**EXERCISE DESCRIPTION:** All lines below must be repeated exactly, with the pictures omitted.

**INFORMATION SHOWN:**
§

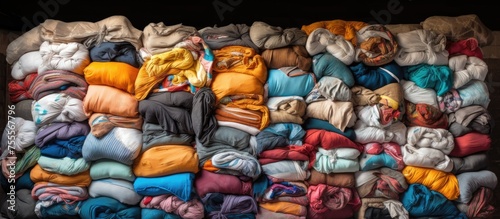 A collection of various clothing items stacked on a heap of blankets, creating a cluttered yet functional storage space for textile waste.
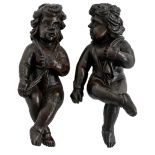 A pair of carved wooden putti, H 70 cm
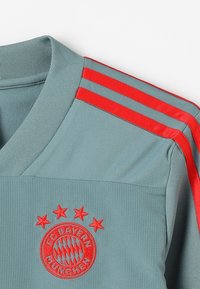 Szaro-czarna koszulka sportowa z czerwonymi akcentami i trzema paskami na ramionach. Posiada haftowane logo z pięcioma gwiazdkami powyżej. Gładka tekstura.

§

**RESULT:**
 A collection of various clothing items stacked on a heap of blankets, creating a cluttered yet functional storage space for textile waste.
 A pair of carved wooden putti, H 70 cm
 Szaro-czarna koszulka sportowa z czerwonymi akcentami i trzema paskami na ramionach. Posiada haftowane logo z pięcioma gwiazdkami powyżej. Gładka tekstura.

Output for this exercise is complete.